▸ **SOURCE DATA**

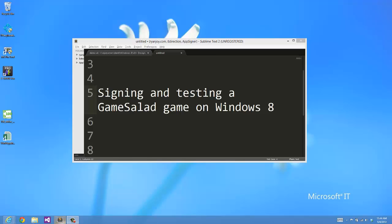Welcome to the second in this series on publishing a GameSalad game to the Windows Store. Today I'm going to talk about signing and testing a GameSalad game on Windows 8.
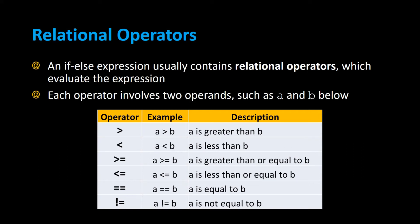Relational operators. An if-else expression usually contains relational operators which evaluate the expression to either true or false. Each operator involves two operands, such as A and B in the examples below.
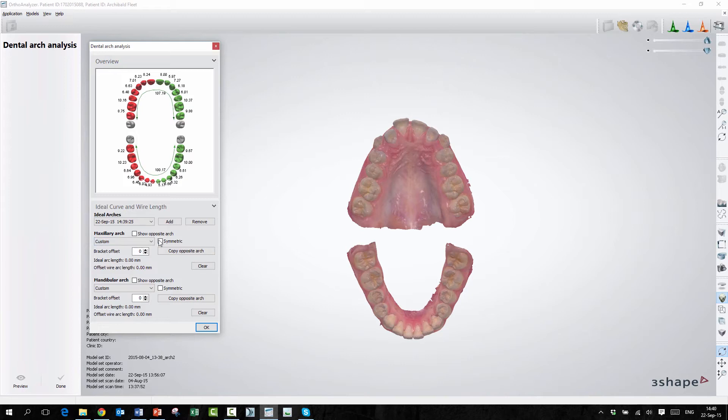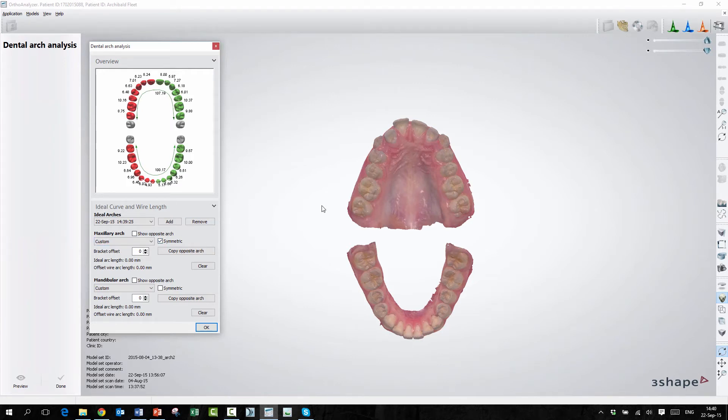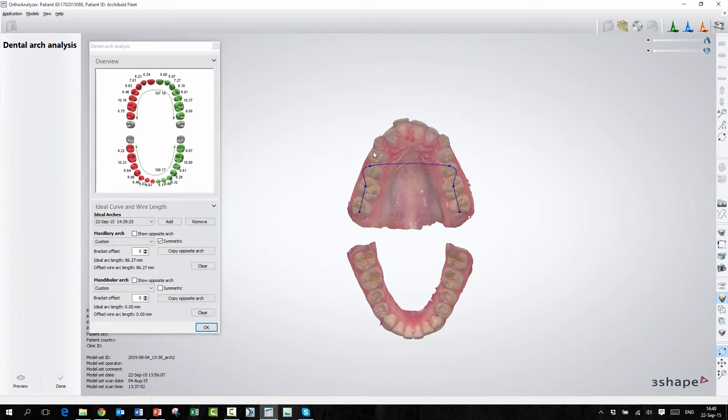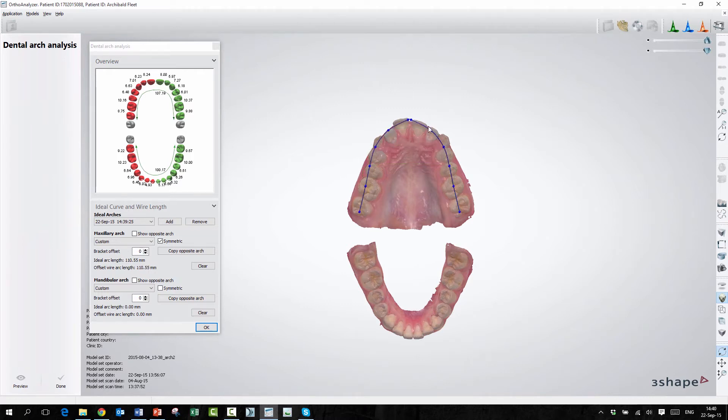So if I press symmetric here and take a custom arch, I will just set some points, and you can see that it will be completely customized, the arch wire that I've created. Based on the plane that you created in another step. Exactly.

▸ **GOAL OF THE EXERCISE**
No pictures go in the copy. Output exactly the lines from the line containing "Relational operators. An" through the end of the listing above.

▸ **RESULT OF THIS TASK**
Relational operators. An if-else expression usually contains relational operators which evaluate the expression to either true or false. Each operator involves two operands, such as A and B in the examples below.
So if I press symmetric here and take a custom arch, I will just set some points, and you can see that it will be completely customized, the arch wire that I've created. Based on the plane that you created in another step. Exactly.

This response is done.